--- Data extracts ---
* * * * *

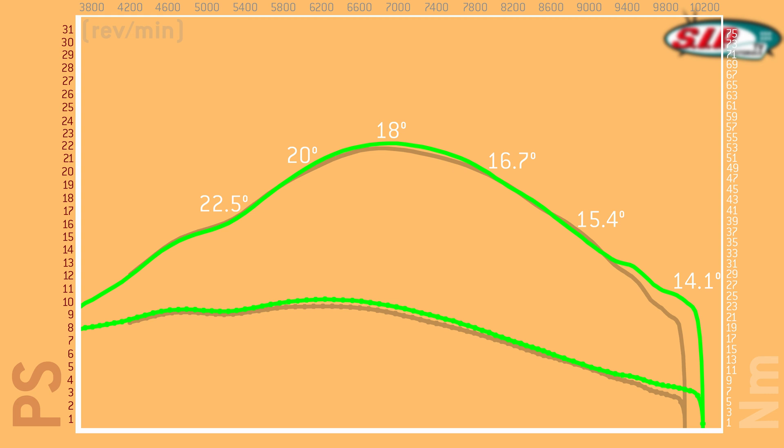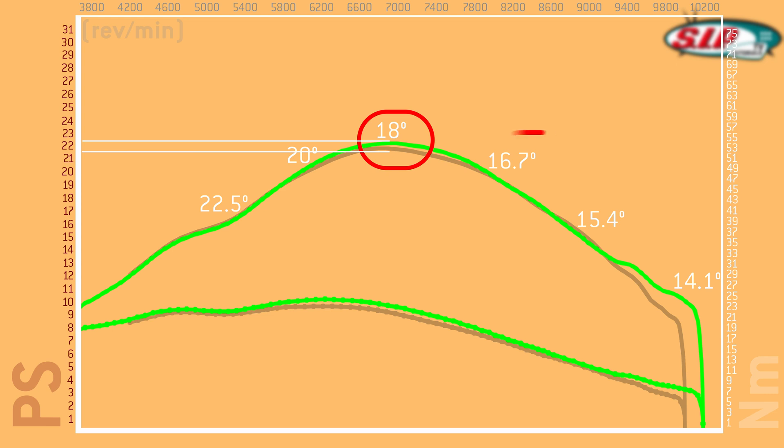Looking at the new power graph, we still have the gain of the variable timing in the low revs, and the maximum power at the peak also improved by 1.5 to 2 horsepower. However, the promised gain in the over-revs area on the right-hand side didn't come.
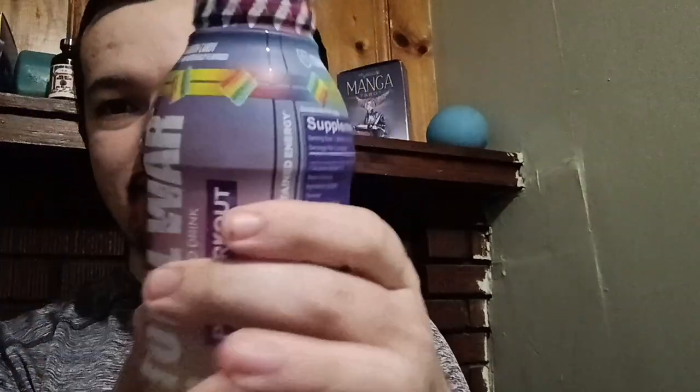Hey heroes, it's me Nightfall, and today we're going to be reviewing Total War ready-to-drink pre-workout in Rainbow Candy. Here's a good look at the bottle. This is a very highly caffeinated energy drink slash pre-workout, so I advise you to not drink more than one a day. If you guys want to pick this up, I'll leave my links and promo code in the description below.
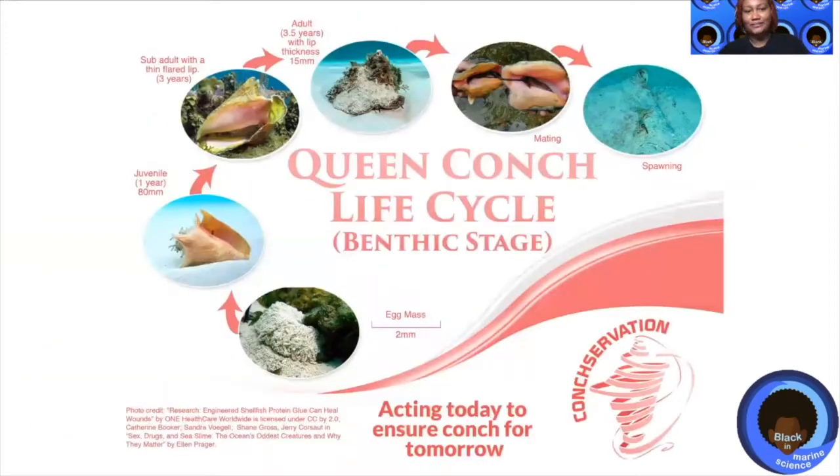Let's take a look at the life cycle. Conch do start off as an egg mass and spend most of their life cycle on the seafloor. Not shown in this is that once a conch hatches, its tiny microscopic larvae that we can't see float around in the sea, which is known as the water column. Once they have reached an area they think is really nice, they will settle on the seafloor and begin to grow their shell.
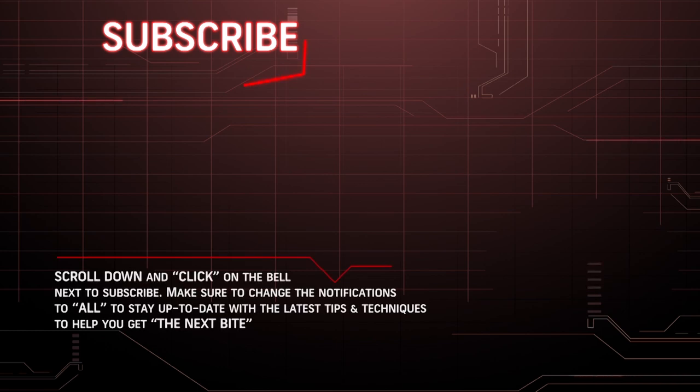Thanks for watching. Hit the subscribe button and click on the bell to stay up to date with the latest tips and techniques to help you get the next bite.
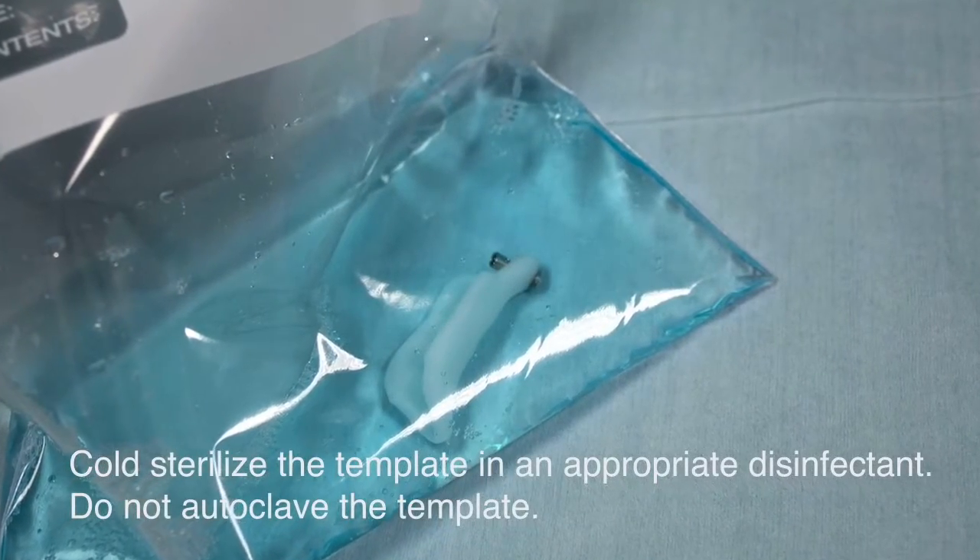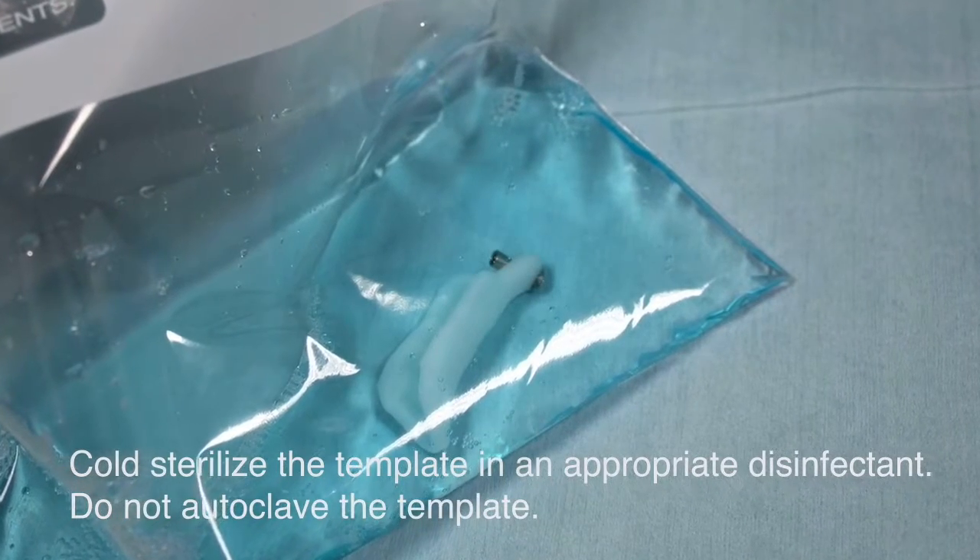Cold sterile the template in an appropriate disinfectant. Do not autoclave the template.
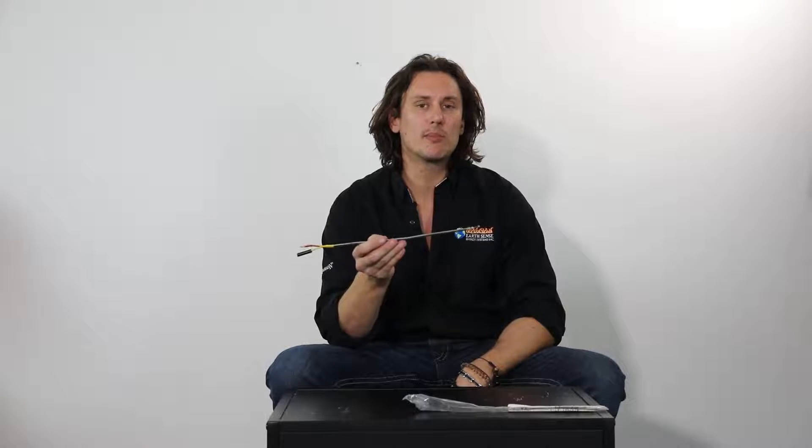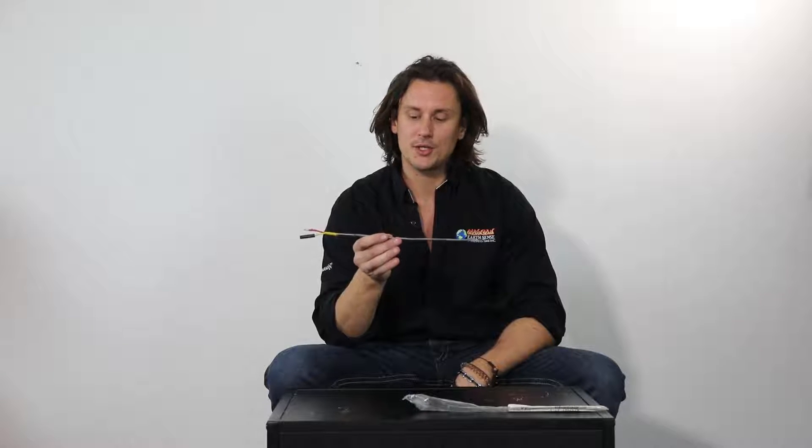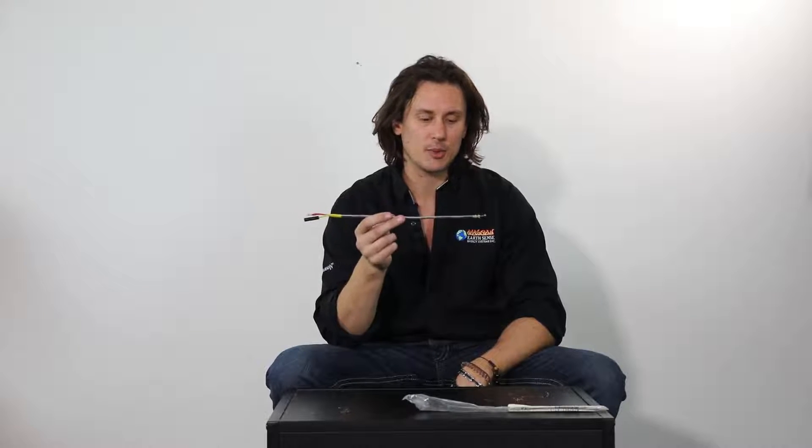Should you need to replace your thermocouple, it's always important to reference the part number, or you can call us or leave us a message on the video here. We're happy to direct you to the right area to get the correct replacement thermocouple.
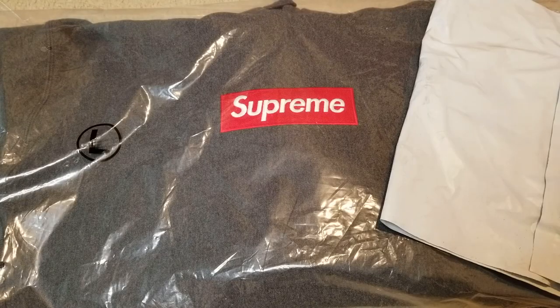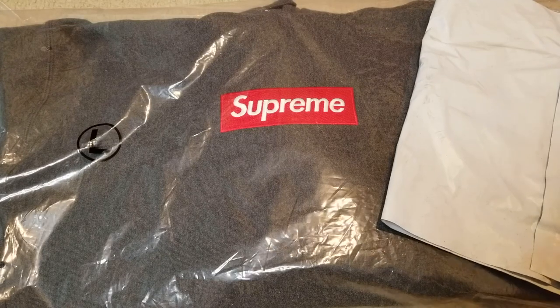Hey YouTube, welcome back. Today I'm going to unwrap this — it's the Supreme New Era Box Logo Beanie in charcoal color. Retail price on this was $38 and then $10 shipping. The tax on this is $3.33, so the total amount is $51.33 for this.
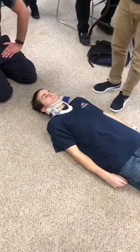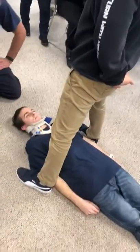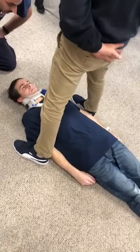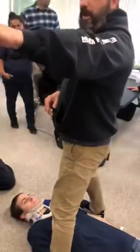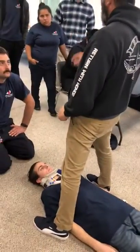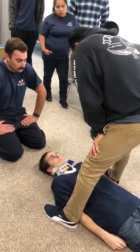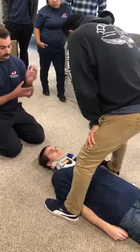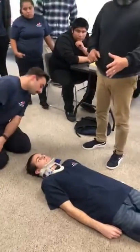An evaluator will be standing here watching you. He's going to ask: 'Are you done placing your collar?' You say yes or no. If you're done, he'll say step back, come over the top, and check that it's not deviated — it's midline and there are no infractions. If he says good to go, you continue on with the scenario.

* * * * *

--- Your instructions ---
Could you write out, word for word, the lines from the one containing "Should you need" through the last line of the records, leaving out the pictures?

--- Solved problem ---
Should you need to replace your thermocouple, it's always important to reference the part number, or you can call us or leave us a message on the video here. We're happy to direct you to the right area to get the correct replacement thermocouple.
Hey YouTube, welcome back. Today I'm going to unwrap this — it's the Supreme New Era Box Logo Beanie in charcoal color. Retail price on this was $38 and then $10 shipping. The tax on this is $3.33, so the total amount is $51.33 for this.
An evaluator will be standing here watching you. He's going to ask: 'Are you done placing your collar?' You say yes or no. If you're done, he'll say step back, come over the top, and check that it's not deviated — it's midline and there are no infractions. If he says good to go, you continue on with the scenario.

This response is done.